Painting and photos: Clifton Ruggles


[ Cet article en français ]

A few summers ago, via rail offered an enticing 50 percent fare reduction for foreign visitors to Canada, but did not advertise the bargain, suspecting that it would anger Canadians whose taxes subsidize the corporation. I learned about the scheme while purchasing a ticket in Kingston, Ontario. The agent asked, stealthily, for my passport. I was puzzled. "What do you mean, my passport?" She then advised me about the discount for foreigners, specifying that my "American accent" marked me as an eligible passenger. I informed the agent that (as the très white beer commercial says), "I AM CANADIAN." But it's never been simple to be a black in Canada.

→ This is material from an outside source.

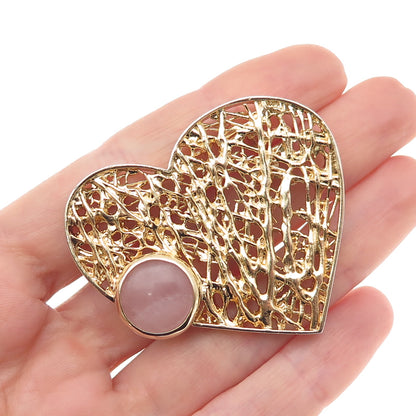 925 Sterling Silver Gold Plated Real Rose Quartz Modernist Heart Slide Pendant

My bloodlines run deep in this country. My father's father was West Indian - but his mother's father came to Nova Scotia from Virginia in 1898. My mother's ancestors - slaves liberated by British forces during the War of 1812 - voyaged to Nova Scotia, from Chesapeake Bay, in 1813. I was born, raised, and educated in Nova Scotia. I went to Expo '67, I sang along with Ian and Sylvia and the Great Speckled Bird, I wanted Robert Stanfield to win in '72. Either I am Canadian, or the word means nothing.

Then again, the VIA Rail incident was not about accent. Because my skin distinguishes me from most Canadians, most assume that I hail from "somewhere else." When someone asks what island I'm from, I reply: "Cape Breton." Moreover, Canadians are abysmally ignorant about African-Canadian history. For instance, a Canadian Civil Liberties Association poll, conducted in 1995, found that 83 percent of Canadians did not know that slavery had been practiced in pre-Confederation Canada.

To be black in Canada, then, is an existential experience. A constant interrogation of our belonging is inculcated within us. It is not just the "double consciousness" that the great African-American intellectual W.E.B. Du Bois (pronounced "Do Boyce" in the U.S.) posited for Black Americans, but a "poly-consciousness." For as our blackness ranges from ivory to indigo hues, our heritages, ethnic allegiances, religions, and languages are also varied. In fact, African Canada, in its gorgeous, explicit diversity, is a microcosm of Canada.

A McGill study published this year provides the most current demographic information about Canada's black community and provides some surprising insights. Although I prefer the terms African-Canadian or Africadian - it captures the experiences of those from the United States, Africa, and Caribbean - the authors sought to understand the "black experience" and how blacks fare in Canadian society. Diversity, Mobility & Change: The Dynamics of Black Communities in Canada was written by McGill Professor of Social Work James Torczyner along with colleagues Wally Boxhill, Crystal Mulder and Carl James.

The report is a response to one consequence of African-Canadian diversity: the fact that almost half of us do not identify ourselves as "black" on Canadian census documents. Indeed, 43 percent of African-heritage respondents to the 1991 census listed themselves as French or British, or as Barbadian, Ethiopian, Ghanaian, Haitian, Somali, Jamaican, Trinidadian / Tobagonian, etc., leading to a serious undercounting of African-heritage Canadians. Wally Boxhill, a former Statistics Canada employee, re-cast the numbers to include the above groups as Black Canadians. This means that, as of 1991, there were 504, 290 blacks in Canada, not 366,625 as formerly counted.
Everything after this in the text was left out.